Since 1984, society members, headed by founder Chief Jake Swamp have ceremoniously planted trees in significant public places, such as near Philadelphia's Constitution Hall in 1986 and on April 10, 1986, at Shasta Hall, California State University, Sacramento, California The organization's official website explains the ancient Native American legend behind the group's work:

Haudenosaunee flag created in the 1980s, based on the Hiawatha wampum belt "created from purple and white wampum beads centuries ago to symbolize the union forged when the former enemies buried their weapons under the Great Tree of Peace." It represents the original five nations that were united by the Peacemaker and Hiawatha. The tree symbol in the center represents an Eastern White Pine, the needles of which are clustered in groups of five.

The Great Tree of Peace [of the] Haudenosaunee (Iroquois) Confederacy -- Over a thousand years ago, the Peacemaker...Aiionwatha (Hiawatha) brought the Great Law of Peace (Kaianerekowa) to the warring Indian nations of what is now New York State. The message of Peace, Power, and the Good Mind resulted in the forming of the Haudenosaunee Iroquois Confederacy. The league of nations consisted of the Mohawk, Oneida, Onondaga, Cayuga, and Seneca, and later the Tuscarora. These nations were instructed to bury their weapons of war under the Great Tree of Peace, and to unite as one to uphold the Great Law of Peace by joining "arms" so that the Tree of Peace would never fall.
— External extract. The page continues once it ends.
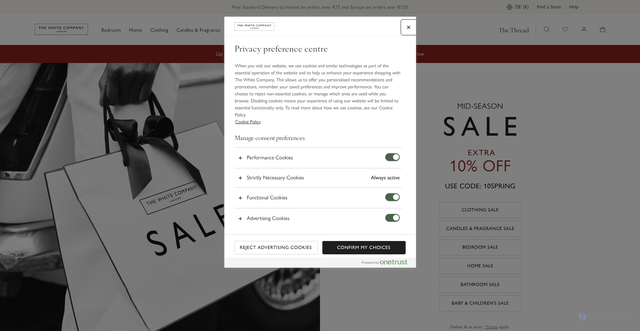 Security scan screenshot of https://www.thewhitecompany.com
The educational website Past is Prologue contains an article explaining more about how and why Trees of Peace are planted by the group:...Chief Jake Swamp of the Mohawk Nation and co-director of the Tree of Peace Society travels around the world planting Trees of Peace, including on the Smithsonian Mall during the Bicentennial celebration in honor of the contributions to the U.S. Constitution which came from the Iroquois Great Law of Peace. Such traditional ceremonies cannot, of course, be replicated by non-Iroquois...Suggestions for Ceremony: Call the group together with music. If a Native American drumming (much of which is sacred) group is available in your area, this would be appropriate. Form a circle around the tree. Readings could include The Great Tree of Peace from Three Strands in the Braid: A Guide for Enablers of Learning ...Select two items to be buried under the roots to symbolize national unity and peace. In the original ceremony, weapons of war were buried...(Another book by the author of Three Strands in the Braid features cover art depicting Benjamin Franklin sitting under a Tree of Peace and negotiating with a chief in the Iroquois Grand Council.)